# Choose your fighter: benchmarking 5 WebSocket servers for Node.js

> Evil Martians benchmarked five WebSocket servers for Node.js: Socket.io, uWebSockets.js, and AnyCable (OSS and Pro). How we caught our own load generator lying, and how to make WebSocket benchmark numbers honest.

- Date: 2026-06-24T00:00:00.000Z
- Authors: Irina Nazarova, Travis Turner
- Categories: Performance, Real-time, Open Source
- URL: https://evilmartians.com/chronicles/choose-your-fighter-benchmarking-5-websocket-servers-for-nodejs

---

I compared five ways to run WebSockets on Node.js: default Socket.io, Socket.io with Connection State Recovery, uWebSockets.js, AnyCable OSS, and AnyCable Pro. In this post, I share how a banned laptop, a lying load generator, and a stubborn throughput disparity taught me that the hardest part of benchmarking is getting your own measuring rig out of the frame.

Here's the result up front. Across the five Node.js WebSocket stacks I tested, raw latency is a wash, all within a few milliseconds of each other at 10K subscribers. Under pressure, they pull apart.

- AnyCable held 100% message delivery through simulated network drops, rode out deploy-time reconnect storms with no restart, and led broadcast throughput at scale.
- Default Socket.io lost about 15% of messages under those same drops and topped out near 120K connections on one box.
- uWebSockets.js stayed the leanest per connection but needed seconds to recover from a reconnect storm. 

The full scoreboard is further down. But getting to numbers I'd stand behind started with a laptop and five burned IP addresses.

---

*Evil Martians build and scale real-time systems, including AnyCable, which holds over 800,000 idle connections on a single 32 GB box. Tell us where your WebSocket layer buckles.* [Contact Evil Martians](https://evilmartians.com/contact-us)

---

## A tour of the Americas, sponsored by an abuse-detection system

AnyCable is our own open source real-time server, so yes, we had a horse in this race, which is exactly why I tried so hard to catch it lying. All five deployed on identical Railway hardware, 32 vCPU and 32 GB, same region, same project. The plan was simple: open ten thousand WebSocket connections to each server, drop them, broadcast through them, and measure what survives.

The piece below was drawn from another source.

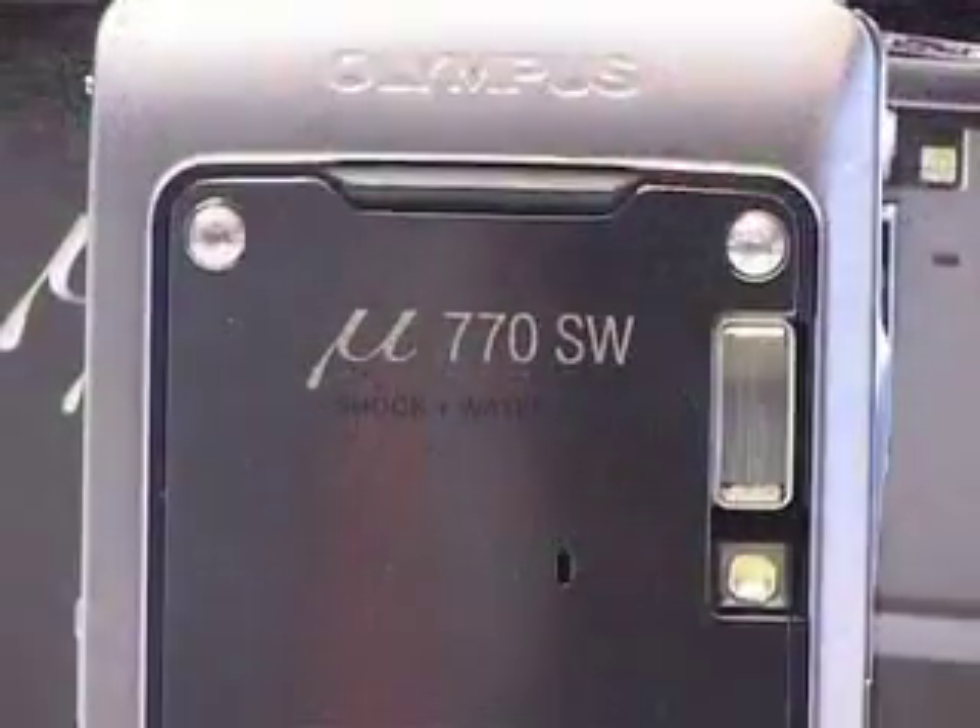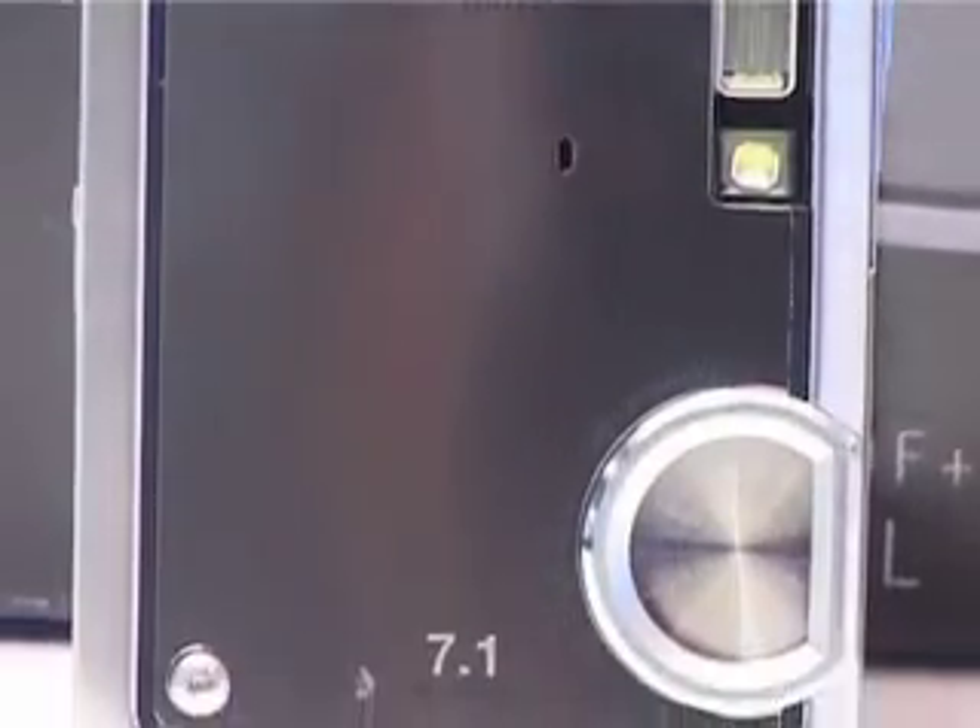Other things it's got: it's 7.1 megapixels, it's got a three times optical zoom, but it's actually internal, so if you turn it on and zoom it, it doesn't come out, which all helps to make it shockproof — so if you drop it, it's not going to knock it off or anything horrid like that.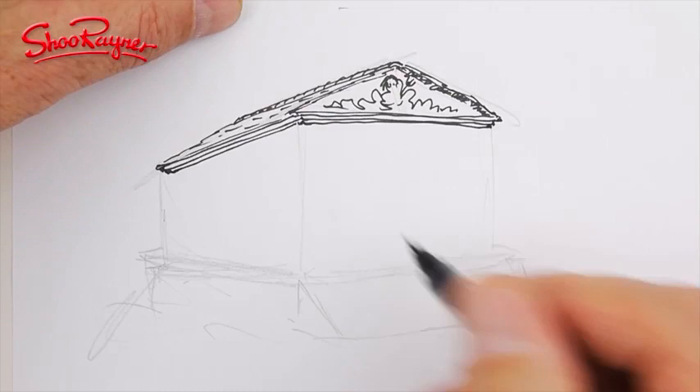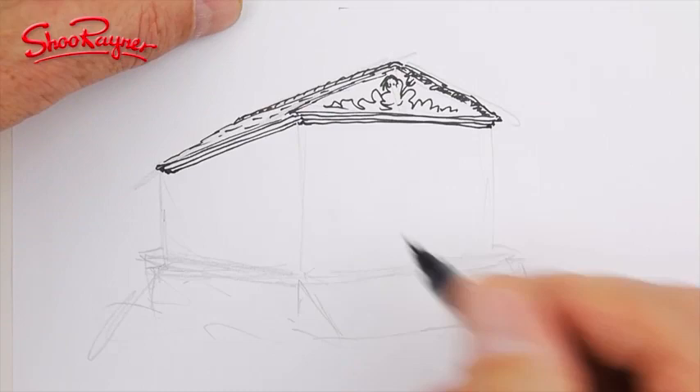Recently I illustrated a series of books set in ancient Greece, which seemed to have ancient Greek temples in the background in almost every illustration, so I had to employ my perspective drawing skills every day.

The load came from my laptop.

It worked for a while. Then it stopped working, because opening ten thousand WebSocket connections to a host from a single residential IP looks, to any edge protection worth paying for, exactly like the thing that edge protection exists to stop. Railway's edge took one look at my apartment and decided I was a botnet. Fair enough.

I hadn't budgeted for the fact that the block landed on my whole IP, not just the project I was hammering. So, everything of ours that lives on Railway went dark with it. **Solaris** and **Fizzy**, two of our internal tools, were both unreachable from my desk. The benchmark had drawn first blood, and it was mine.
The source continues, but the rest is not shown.